Great videos about linear algebra and matrices:

https://www.youtube.com/playlist?list=PLZHQObOWTQDPD3MizzM2xVFitgF8hE_ab

comp.graphics.algorithms's FAQ

ftp://rtfm.mit.edu/pub/usenet-by-group/news.answers/graphics/algorithms-faq

Easing functions

(from https://gist.github.com/gre/1650294)

/*
 * Easing Functions - inspired from http://gizma.com/easing/
 * only considering the t value for the range [0, 1] => [0, 1]
 */
EasingFunctions = {
  // no easing, no acceleration
  linear: function (t) { return t },
  // accelerating from zero velocity
  easeInQuad: function (t) { return t*t },
  // decelerating to zero velocity
  easeOutQuad: function (t) { return t*(2-t) },
  // acceleration until halfway, then deceleration
  easeInOutQuad: function (t) { return t<.5 ? 2*t*t : -1+(4-2*t)*t },
  // accelerating from zero velocity 
  easeInCubic: function (t) { return t*t*t },
  // decelerating to zero velocity 
  easeOutCubic: function (t) { return (--t)*t*t+1 },
  // acceleration until halfway, then deceleration 
  easeInOutCubic: function (t) { return t<.5 ? 4*t*t*t : (t-1)*(2*t-2)*(2*t-2)+1 },
  // accelerating from zero velocity 
  easeInQuart: function (t) { return t*t*t*t },
  // decelerating to zero velocity 
  easeOutQuart: function (t) { return 1-(--t)*t*t*t },
  // acceleration until halfway, then deceleration
  easeInOutQuart: function (t) { return t<.5 ? 8*t*t*t*t : 1-8*(--t)*t*t*t },
  // accelerating from zero velocity
  easeInQuint: function (t) { return t*t*t*t*t },
  // decelerating to zero velocity
  easeOutQuint: function (t) { return 1+(--t)*t*t*t*t },
  // acceleration until halfway, then deceleration 
  easeInOutQuint: function (t) { return t<.5 ? 16*t*t*t*t*t : 1+16*(--t)*t*t*t*t }
}

2D Vector helpers

(from https://twitter.com/MaximeEuziere/status/1047545802669875200 )

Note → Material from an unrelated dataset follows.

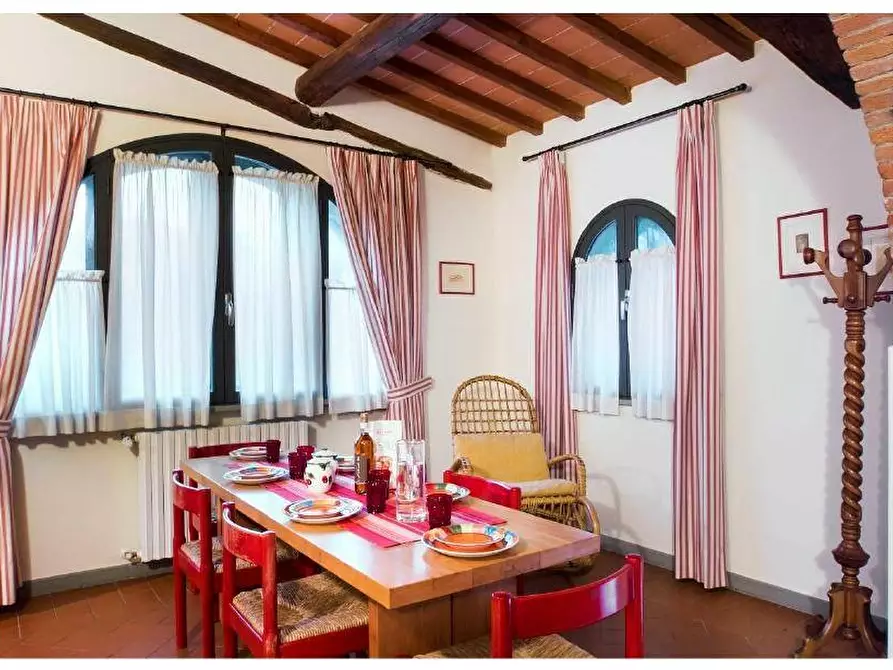 Immagine 3 di Villa in vendita  a Cerreto Guidi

V=(x,y)=>({x,y})            // Vec2D constructor
l=v=>d(v,v)**.5             // length(v)
a=(v,w)=>V(v.x+w.x,v.y+w.y) // add(v, w) 
s=(v,w)=>a(v,m(w,-1))       // sub(v, w)
m=(v,n)=>V(v.x*n,v.y*n)     // scale(v, n)
t=(v,w)=>l(s(v,w))          // distance(v, w)
d=(v,w)=>v.x*w.x+v.y*w.y    // dot_product(v, w)
c=(v,w)=>v.x*w.y-v.y*w.x    // cross_product(v, w)
r=(v,o,t)=>a(o,V(c(f=s(v,o),g=V(Math.sin(t),Math.cos(t))),d(f,g))) // rotate(v, origin, theta_angle)
n=v=>m(v,1/(l(v)||1))       // normalize(v)

better to also have a "rotation along arbitrary axis", length being radians to rotate, no singularity at zero.
even more, somehow in favor of quaternion "slerp" because i think quaternion describes "state" or "instant transformation" but not the dynamic, continuous "rotation".
for reference and free copy: http://farter.cn/math/rotvec3/

@farteryhr Quaternions are good, thanks for sharing.